XPath Support in ElementTree
Updated Sep 18, 2007 | Fredrik Lundh
ElementTree provides limited support for XPath expressions. The goal is to support a small subset of the abbreviated syntax; a full XPath engine is outside the scope of the core library.
The 1.2 release supports simple element location paths. In its simplest form, a location path is one or more tag names, separated by slashes (/).
You can also use an asterisk (*) instead of a tag name, to match all elements at that level. For example, */subtag returns all subtag grandchildren.
An empty tag (//) is used to search on all levels of the tree, beneath the current level. The empty tag must always be followed by a tag name or an asterisk. For example, .//tag returns all tag elements in the entire tree.
When searching on individual elements, the path must not start with a slash. You can add a leading period (.), if necessary.

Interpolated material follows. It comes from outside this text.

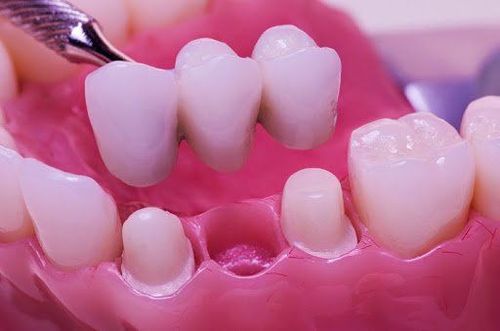 Mất răng số 2 khắc phục ra sao?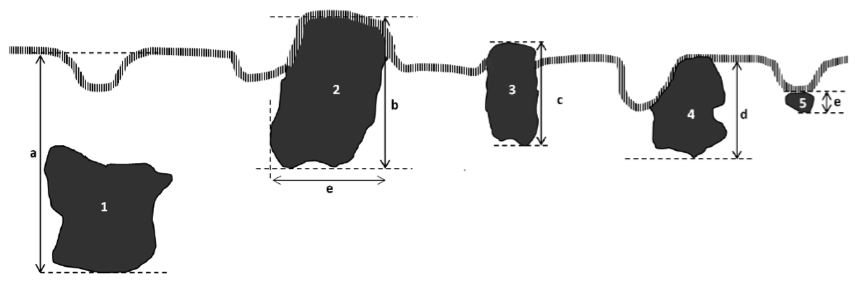 Figur PAT-5: Exempel på invasionsdjupet för adenocarcinom. Tumörer "1" "5" har invasionsdjupet a, b, c resp e.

The 1.3 release adds basic predicates. You can search on attributes, attribute values, child elements, and on position.
Path element summary:
syntax | meaning |
---|---|
tag | Selects all child elements with the given tag. For example, “spam” selects all child elements named “spam”, “spam/egg” selects all grandchildren named “egg” in all child elements named “spam”. You can use universal names (“{url}local”) as tags. |
* | Selects all child elements. For example, “*/egg” selects all grandchildren named “egg”. |
. | Select the current node. This is mostly useful at the beginning of a path, to indicate that it’s a relative path. |
// | Selects all subelements, on all levels beneath the current element (search the entire subtree). For example, “.//egg” selects all “egg” elements in the entire tree. |
.. | (New in 1.3) Selects the parent element. |
[@attrib] | (New in 1.3) Selects all elements that have the given attribute. For example, “.//a[@href]” selects all “a” elements in the tree that has a “href” attribute. |
[@attrib=’value’] | (New in 1.3) Selects all elements for which the given attribute has the given value. For example, “.//div[@class=’sidebar’]” selects all “div” elements in the tree that has the class “sidebar”. In the current release, the value cannot contain quotes. |
[tag] | (New in 1.3) Selects all elements that has a child element named tag. In the current version, only a single tag can be used (i.e. only immediate children are supported). |
[position] | (New in 1.3) Selects all elements that are located at the given position. The position can be either an integer (1 is the first position), the expression “last()” (for the last position), or a position relative to last() (e.g. “last()-1” for the second to last position). This predicate must be preceeded by a tag name. |
Predicates must be preceeded by a tag name, an asterisk, or another predicate. Note that position predicates must be immediately preceeded with tag names in the current 1.3 release. All other predicates can be stacked.
Note that find and findtext still returns information about the first matching element only (first in document order, that is). To get more than one element, use the findall method.